From: John Munroe <munddr@gmail.com>
Hi all,
I'm looking into overloading and it seems that consts/axioms already
allow overloading:
typedecl A
consts
g :: "'a => bool"
a :: A
axioms
axA: "g (x::A) = True"
axB: "g (x::B) = False"
lemma "g a"
using axA
by auto
whereas, axiomatization doesn't:
axiomatization
g :: "'a => bool"
where axA: "g (x::A) = True"
which gives a type unification error:
*** Type unification failed
*** Type error in application: incompatible operand type
*** Operator: g::'a => bool :: 'a => bool
*** Operand: x::A :: A
Why is there such a discrepancy? Is it one of the reasons why
consts/axioms are legacy features? The documentation seems to imply
that overloading can only be achieved using type classes, but one
could also do a similar thing in locales:
consts
g :: "'a => bool"
locale L =
assumes "g (x::A) = True" and
"g (y::B) = False"
Any advice on this will be much appreciated!
Thanks
John
From: Florian Haftmann <florian.haftmann@informatik.tu-muenchen.de>
I'm looking into overloading and it seems that consts/axioms already
allow overloading:typedecl A
consts
g :: "'a => bool"
a :: Aaxioms
axA: "g (x::A) = True"
axB: "g (x::B) = False"
Well, no wonder: axioms allow you to specify everything.
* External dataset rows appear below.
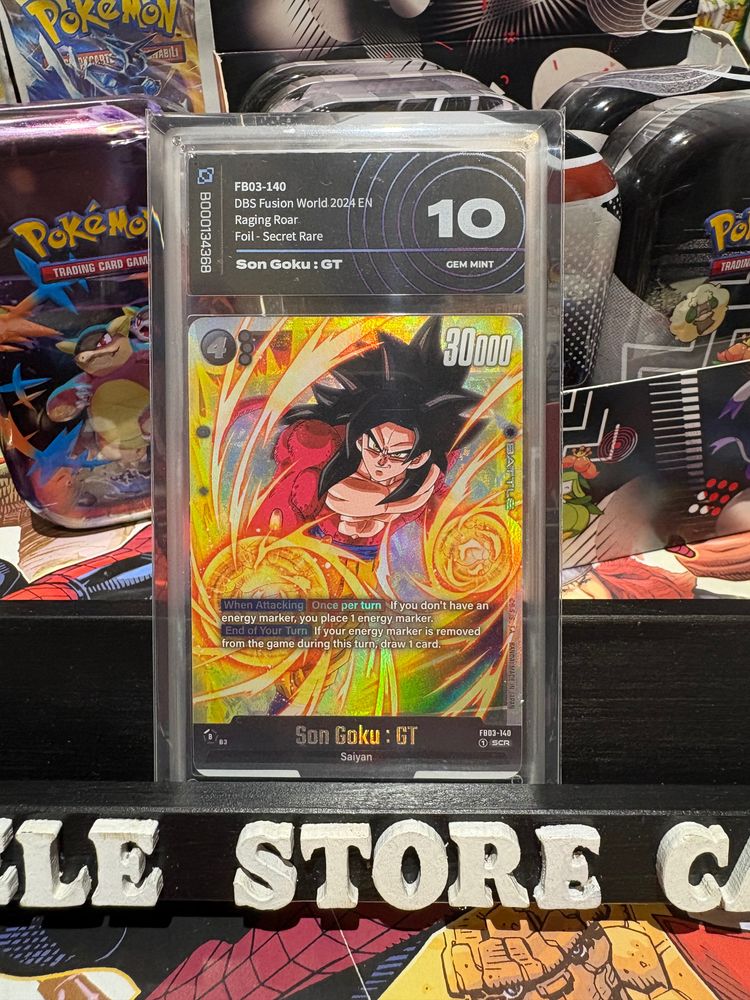 Dragon Ball Super Dbs Fusion World 2024 En Raging Roar Son Goku Gt Card product image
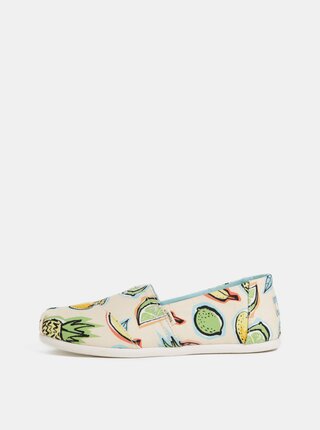 Béžové dámské vzorované slip on TOMS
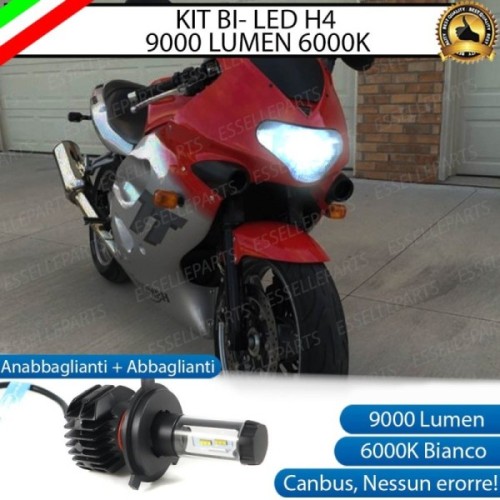 Kit Full LED Lampada H4 9000 Lumen Anabbaglianti Abbaglianti per Triumph TT600 2000-2001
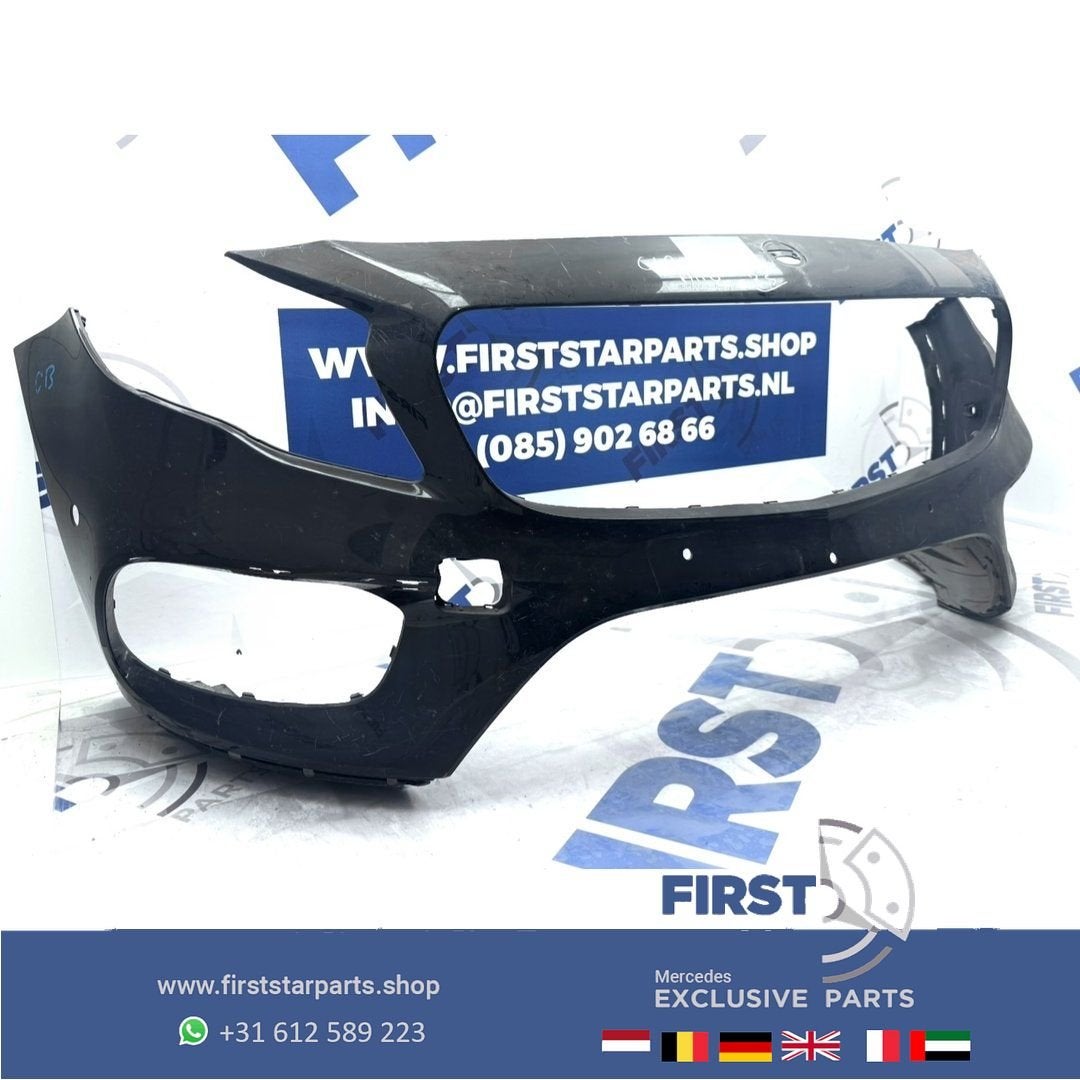 X156 GLA45 BUMPER A1568801901 GLA Facelift 45 AMG Voorbumper, Gebruikt, -, Voor, Ophalen of Verzenden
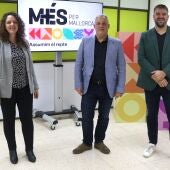 Marta Carrió, Jaume Alzamora y Lluís Apesteguia, de MÉS per Mallorca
Overloaded definitions are also part of the logical primitives, but type
classes provide a neat integrated interface, which internally maps again
on overloaded definitions.
axiomatization
g :: "'a => bool"
where axA: "g (x::A) = True"
By giving an explicit constant specification, you specify a new
constant to be declared, and its type signature (with type variables
locally fixed) must match its occurences in axiom propositions.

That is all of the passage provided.